I haven’t checked the problem analyses yet, so I’ll just describe my personal train of thought here. Just reading the test sets’ constraints gives a lot of information out already.

Test set 1 allows 300 queries per test, for lists of size 10. There are \({10!\over 2} \approx 1,8×10^6\) ordered-yet-undirected permutations of [1..10]. Large but not intractable. I suppose it’s feasible to generate all of them, possibly lazily, then interactively filter the ones who match the judge’s answers on median queries. The rest of the problem would be to find queries that restrict the search space by as much as possible at each query. Intuitively it seems like it would be possible to reach the optimum—dividing the search space by two at each step—given the structure of the data. That would need \(log_2 P\) attempts, so 21 in the worst case, which is a lot better than the 300 we’re allowed. Which is a hint that’s probably overkill for a ridiculous solution, and just random queries might be enough.

I may give it a go for the kicks, but it’s bound to be improductive for the larger sets, so let’s not waste any more time on that.

My idea went like this. One median query gives a relative order among three elements. If I make a second median query, how can I relate the information it yields to the first one? Well, in the general case I can’t: while it also gives a relative ordering among three elements, there’s no way of knowing whether that relative ordering goes in the same direction as the first one.

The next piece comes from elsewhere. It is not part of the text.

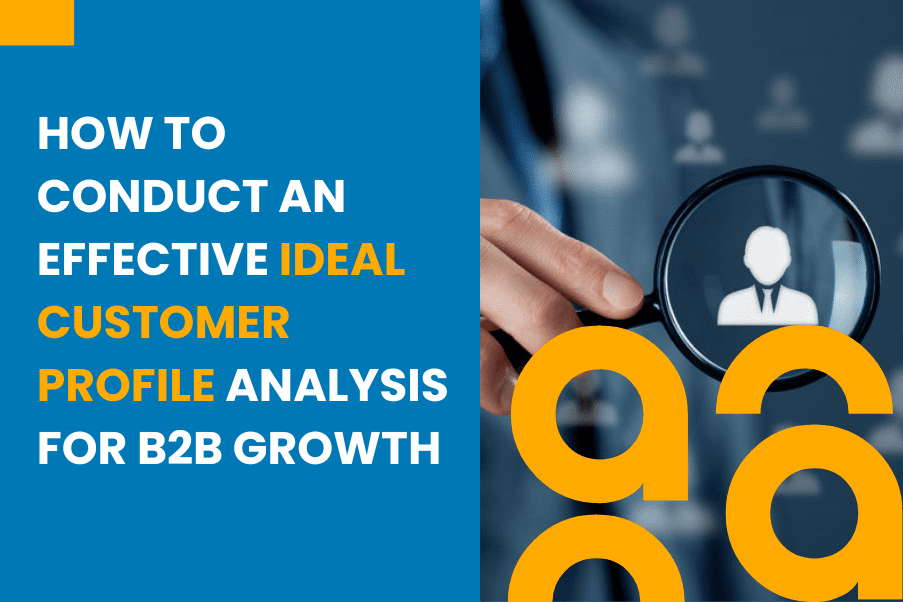 How to Conduct an Effective Ideal Customer Profile Analysis for B2B Growth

So I’ll need it to include not only one but two elements whose order is bound by the first query.

This applies to any two pairs of queries, so globally it appears as though I can’t extract any information from a query if it doesn’t fuse two parameters with another one. Inductively, a query can’t ever mention more than one element that wasn’t mentioned before.

What information does a median query yield where two out of three parameters are “known”? Well, it provides some kind of a band filter: if \(a < b\), then \(Median(a,b,x)\) can be either of:

• \(a\), in which case \(x < a < b\)
• \(b\), in which case \(a < b < x\)
• \(x\), in which case \(a < x < b\)

So intuitively, we’ll make the best use out of that information if those bands are of the same size.

This looks like a beginning of a ternary search. What’s missing? The extracted ordering is a bit coarse at first, but we can try to pin it down to a total ordering by iterating on it. Then repeat for the next numbers.

To bootstrap it, we need two elements whose ordering is “known”. Any pair will do, so we’ll just take 1 and 2 and postulate \(a_1 < a_2\).

And we’ve got a convoluted insertion sort:

InsertionSort(N) returns S:
  let S := [1,2]
  for i := 3 to N:
    let p := TernarySearch(S,i)
    insert i as S[p]

TernarySearch(S,i):
  let a,b be distinct indices that best subdivide S
  m := Median(S[a],S[b],i)
  if m = S[a] then return TernarySearch(S[..a],i)
  if m = S[b] then return TernarySearch(S[b..],i)
  if m = i then return TernarySearch(S[a..b],i)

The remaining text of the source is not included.